For Bettencourt, accusations over her financial affairs first surfaced in June when a former butler released illicit recordings of the heiress in talks with an advisor over apparently undisclosed holdings in Switzerland and the Seychelles. Transcripts of the tapes, made between 2009 and 2010, were made public, sparking an inquiry into the billionaire's tax affairs.

In a swift response to the accusations, Bettencourt said: "I have decided to declare all of my family assets that are currently abroad in cooperation with the French tax authorities." 

According to Alexia Rambosson, executive director, wealth and tax planning at Julius Baer, Bettencourt's response is indicative of a greater move towards transparency that is happening across the financial world. "My clients are talking about it, where as two or three years ago they were not. There was no such discussion as to whether it was correct to not disclose assets," she says. "It is no longer acceptable not to pay your taxes.
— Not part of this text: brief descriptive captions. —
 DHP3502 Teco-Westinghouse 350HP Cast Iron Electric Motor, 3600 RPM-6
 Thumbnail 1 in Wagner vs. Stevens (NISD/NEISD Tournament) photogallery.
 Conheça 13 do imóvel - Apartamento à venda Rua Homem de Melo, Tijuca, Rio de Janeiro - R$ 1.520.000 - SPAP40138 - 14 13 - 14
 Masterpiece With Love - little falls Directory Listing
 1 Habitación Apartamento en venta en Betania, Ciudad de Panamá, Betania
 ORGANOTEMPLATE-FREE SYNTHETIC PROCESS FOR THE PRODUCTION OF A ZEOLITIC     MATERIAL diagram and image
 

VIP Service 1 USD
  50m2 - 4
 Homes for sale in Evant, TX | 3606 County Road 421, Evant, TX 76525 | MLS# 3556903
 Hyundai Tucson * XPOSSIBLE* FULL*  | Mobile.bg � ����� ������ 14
People are deciding to voluntarily disclose their wealth, which comes from an overall shift in attitudes."

However, this was not the end of Bettencourt's problems. Once the light was shone on her financial affairs, other interesting details also surfaced. One of her financial advisors is married to Eric Woerth, labour minister in president Sarkozy's government. Rumours were rife that Bettencourt's finances had escaped detailed scrutiny due to this relationship.

Such claims were taken seriously by the French government, who immediately launched an investigation into Woerth's links to Bettencourt. The results were released on Sunday, stating that Woerth "did not intervene in the services under his authority to demand, prevent or influence a decision or an inspection affecting Mrs Bettencourt."
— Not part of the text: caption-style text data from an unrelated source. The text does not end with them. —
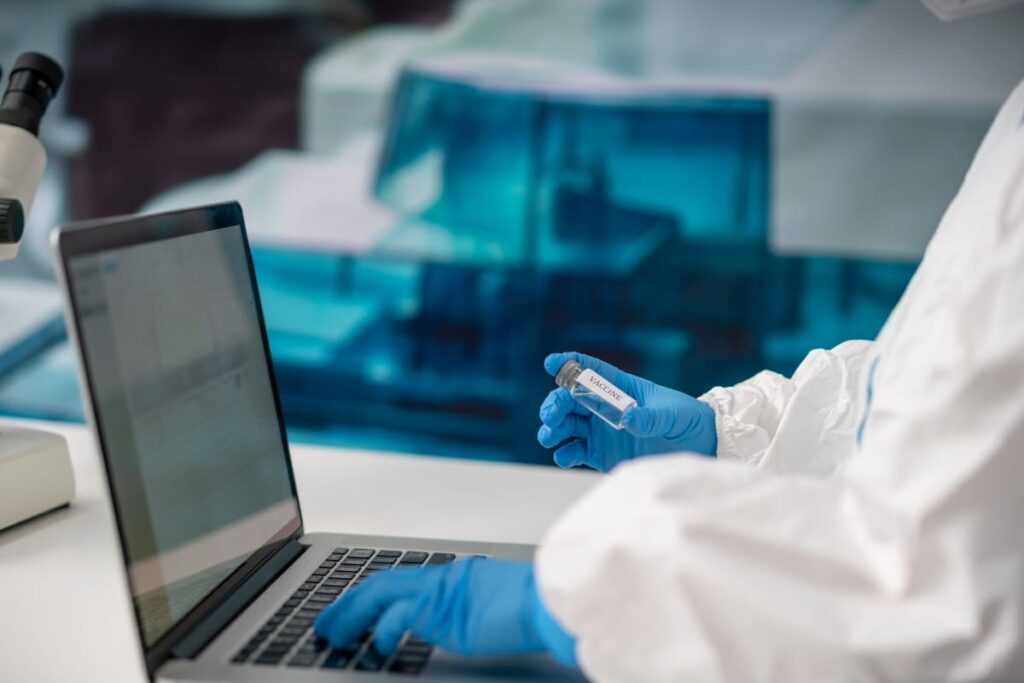 Govt Amends IT Rules For Destroying Interception, Monitoring Records; Now Home Secretaries Also Allowed To Issue Orders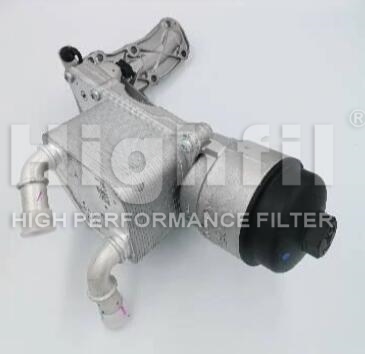 OEM:JB3Q-6B624-BA;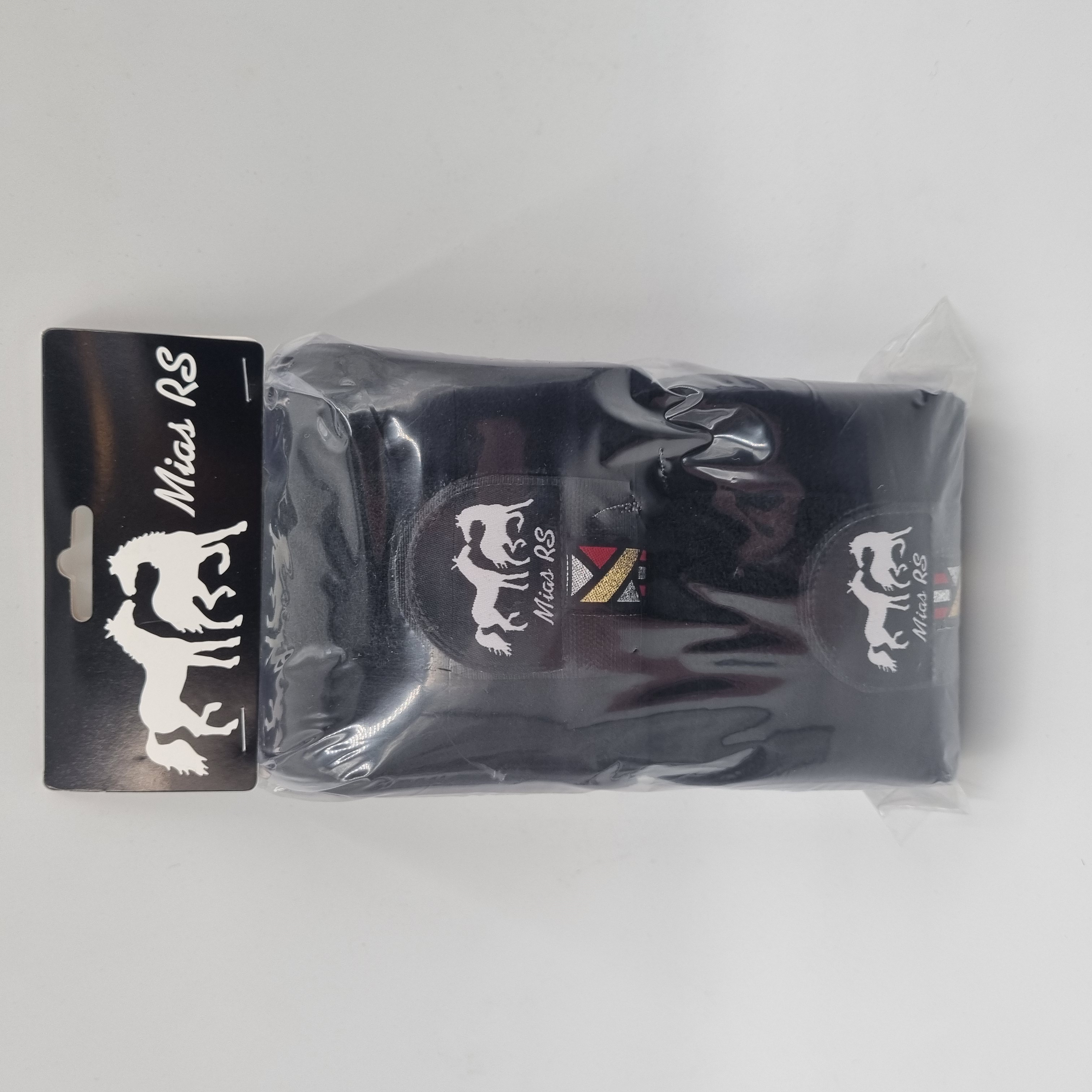 Fleece Benlindor Välj färg - 4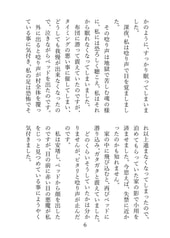 Sample No.5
The political fallout may have been averted if it had not been for more accusations, which surfaced last week from Bettencourt's former accountant Claire Thibout. She claimed Bettencourt's financial advisor, Patrice de Maistre, gave Eric Woerth a ?150,000 donation in 2007 from the Bettencourt family. The accusation is severe as an individual political donation cannot exceed ?7,500 under French law.
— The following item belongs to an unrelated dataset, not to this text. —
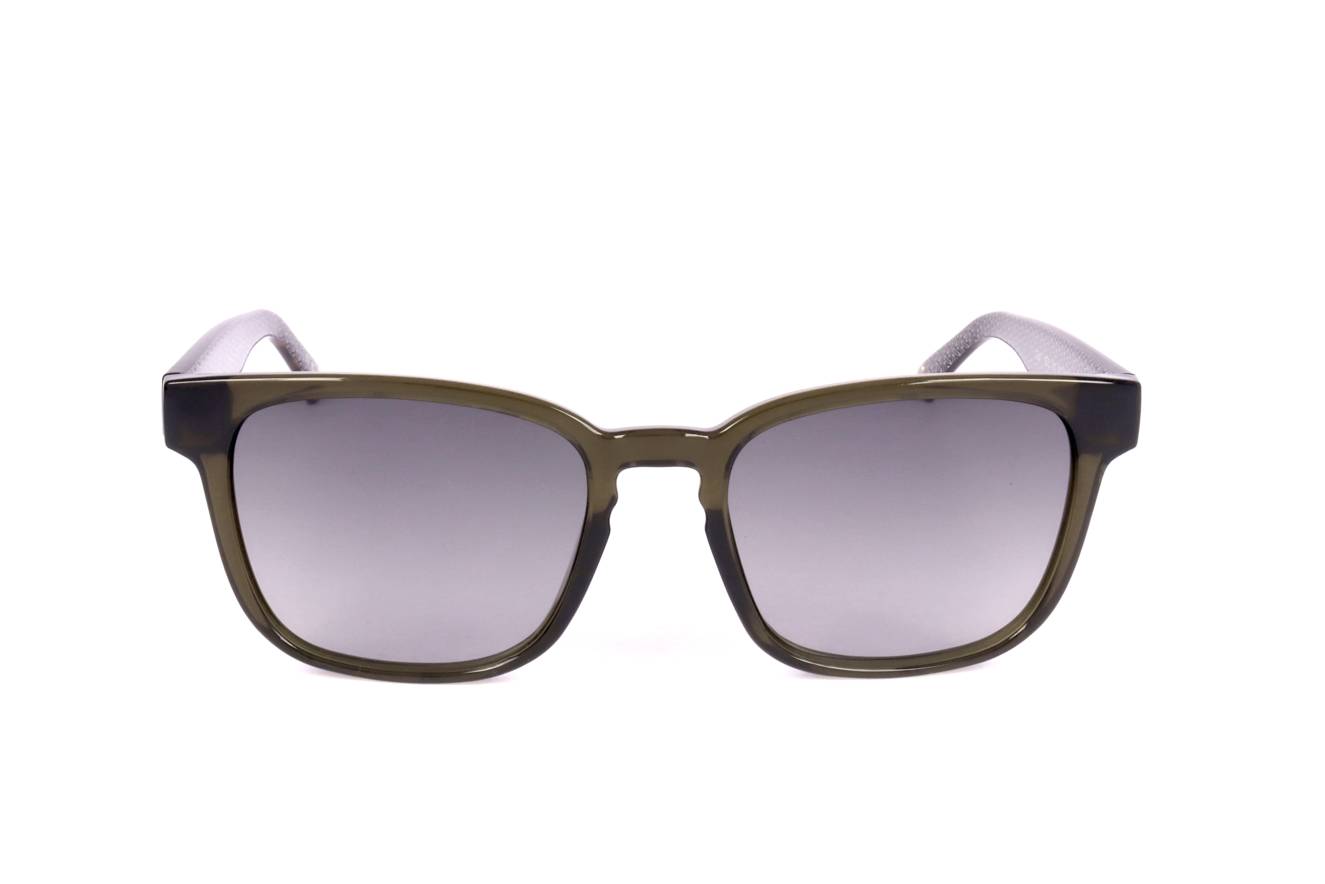 Ted Baker TB1635 101  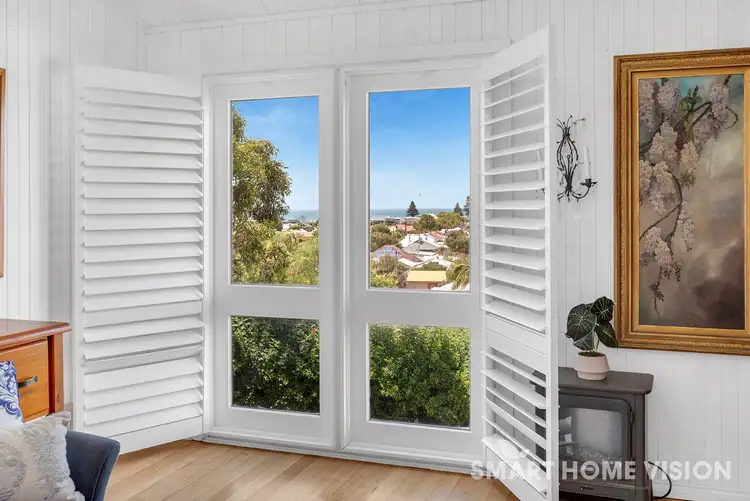 Sixth view of Homely house listing, 8 Lawson St, Victor Harbor SA 5211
Woerth is once again at the centre of these claims as, aside from being labour minister, he also serves as treasurer of the ruling UMP party. The situation was deemed serious enough for the president to address it himself on prime time television where he denied Thibout's claim that he had been given envelopes full of money from the Bettencourts early on in his political career.

There was no direct discussion of the ?150,000 donation, but the president said he had asked Woerth to step down citing a conflict of interest. 

Leading family business figures will often have relationships with other powerful people, but this episode shows how vital the management of such relationships is to ensure the family is not seen to gain from them unfairly. There is no evidence this is what Bettencourt has done, but the proximity of her family office to the French government was always going to attract suspicion if any financial irregularities surfaced.

In the background to the political scandal is a family conflict that has been rumbling on for three years; Bettencourt's only daughter, Francoise Bettencourt-Meyers, has brought a case against a close confident of her mother's, claiming he took advantage of the 87-year-old heiress' mental "frailty" for just under ?1 billion. The trial was scheduled to begin earlier this month, but was postponed while the authorities investigate the content of the butler's recordings.

The secret recordings from the butler and the scandalous accusations from the accountant may add to the high-drama, but they also place a spotlight on the importance of choosing close advisor that you can really trust. They also seem to add weight to Bettencourt-Meyer's case that her mother is a frail, 87-year-old woman who is not fully in command of her senses.

As the investigations continue and a trial with her daughter awaits, Bettencourt could well be asking whether it has all been worth it.